Now divide into four equal pieces and roll into balls. Sprinkle some flour on your work surface, place the balls on top and cover with plastic wrap. Allow to rest for 1 hour. After an hour, roll each ball into about the diameter of a pita bread with a rolling pin then place on a baking tray brushed with oil. Brush the flat of dough with oil and place the second one on top. You should have two sets of two-stacks. Cover with plastic wrap and allow to rest for another hour.

To open your phyllo, you will need a long rectangular table or large work surface (ensure either is clean).

{my table was apparently not enough for this piece=) }

Drizzle the work surface with oil and place one stack on the work area, use a rolling pin to seal the perimeter (two flats become one) of the dough and then hold on to the edge of the phyllo and begin gently pulling out the dough outwards, trying your best to open the dough in a large rectangle. Your challenge is to open/stretch phyllo that is 1.5 X 2 meters (I never achieved that). Trim off any of the thick edges (No, I didn’t=).

Drizzle oil all over the surface of the phyllo and carefully fold over the phyllo to make it half the size then use a knife to cut it into two equal pieces. Drizzle the surface with oil again and place half of the custard filling diagonally in the middle of one half of the dough. Now pull up each corner of dough towards the centre (like an envelope) to seal the filling (This was really tricky!).

Now carefully lift the packet and place the fold-side downward onto the remaining phyllo square (This I didn’t get, as a matter of fact, so my pie got really thick borders). Place on a greased baking sheet and brush the top with oil. Repeat with the remaining two-stack of dough and form your second bougatsa (I had to put the second one in the fridge while the first was baking). Brush the top with oil and place in a pre-heated 175 ‘C oven for 45-60 minutes (middle rack) or until golden (mine needed about 45 min). Remove from the oven and allow to cool about 20 minutes before serving.

Cut up into bite-sized squares and dust with lots of icing sugar and some ground cinnamon (I had to add more and more sugar as it got melted each time I put the pies in the cupboard where we’re forced to store all our edibles not requiring fridge now).

Although I didn’t manage to make the phyllo as a real bougatsa would have it, but, really, I never thought that you COULD make it at home at all!

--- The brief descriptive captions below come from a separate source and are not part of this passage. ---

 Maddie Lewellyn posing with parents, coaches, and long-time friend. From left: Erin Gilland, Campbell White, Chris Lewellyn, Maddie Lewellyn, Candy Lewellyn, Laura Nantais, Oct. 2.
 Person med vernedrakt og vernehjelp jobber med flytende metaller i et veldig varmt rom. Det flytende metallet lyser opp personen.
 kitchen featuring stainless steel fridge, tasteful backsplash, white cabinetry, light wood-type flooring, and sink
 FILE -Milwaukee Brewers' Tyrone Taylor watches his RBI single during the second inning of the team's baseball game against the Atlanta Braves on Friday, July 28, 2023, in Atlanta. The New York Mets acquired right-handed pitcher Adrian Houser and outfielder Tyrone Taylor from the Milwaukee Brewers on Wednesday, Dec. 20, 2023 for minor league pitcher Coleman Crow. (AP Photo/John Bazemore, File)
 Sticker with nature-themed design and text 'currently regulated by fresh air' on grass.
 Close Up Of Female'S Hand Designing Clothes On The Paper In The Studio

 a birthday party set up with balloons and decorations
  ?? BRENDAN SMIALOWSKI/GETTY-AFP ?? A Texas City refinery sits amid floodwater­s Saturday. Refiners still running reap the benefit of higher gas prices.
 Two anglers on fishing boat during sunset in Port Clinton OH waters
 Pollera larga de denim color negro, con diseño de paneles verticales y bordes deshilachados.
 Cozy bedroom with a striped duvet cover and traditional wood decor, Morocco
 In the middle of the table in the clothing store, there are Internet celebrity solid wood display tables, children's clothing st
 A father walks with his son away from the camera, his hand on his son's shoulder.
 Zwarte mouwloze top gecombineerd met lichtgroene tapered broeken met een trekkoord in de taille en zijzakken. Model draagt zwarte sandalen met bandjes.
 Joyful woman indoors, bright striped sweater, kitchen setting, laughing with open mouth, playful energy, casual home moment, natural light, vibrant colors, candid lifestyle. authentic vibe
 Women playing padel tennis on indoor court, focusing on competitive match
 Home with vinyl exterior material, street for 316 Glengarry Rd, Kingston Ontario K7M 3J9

A real bougatsa would have less dough, be thinner and of course the dough will be as if in sheets. I did cope to have some layers but in other parts the dough was too thick and more like a solid block and not a stack of layers. I would also advise you to start with a half of the recipe as this one will make a lot, and if you don’t have enough experience with phyllo, perhaps it would be more sensible to begin with just one pie.

Good luck with your bougatsa, anyway!

More recipes to come soon (I’m using my unemployment period at 100%=), as well as much promised account about the 90s in the USSR (tssss!).



4 thoughts on “BOUGATSA!!!

  1. Georgia, thank you for trying out this Lenten Bougatsa recipe and you did very well. In the future though, if you are so enthusiastic about sharing someone’s recipe, perhaps you should give them more credit that just “adapted from here”.

  2. Georgia, I am delighted when someone tries out one of my recipes but it is also not polite to “copy/paste” a recipe and then to only give credit in the manner you have “adapted from here”.

    Don’t you think if the recipe is worthy of sharing then one should give proper credit to the source? Perhaps I should change my blog name to “here”…..

    1. Hello, Peter, I really want to apologize for my inaccurate use of your recipe, it’s the first time I’m addressed by the author of the recipe. I guess, I’m not that savvy in how to quote correctly the online sources. I have included the name of your site now, I hope that this will do? Or would you rather I just gave a link to your site without giving the recipe? Perhaps, I will from now on ask for the permission first, which has never entered my mind, I’m sorry (although I did write it was copy-paste from the original source each time I used someone’s recipe, I understand that this is not appropriate…). Thank you for you remark, I will try to improve my online correctness!
      And thank you for your recipes!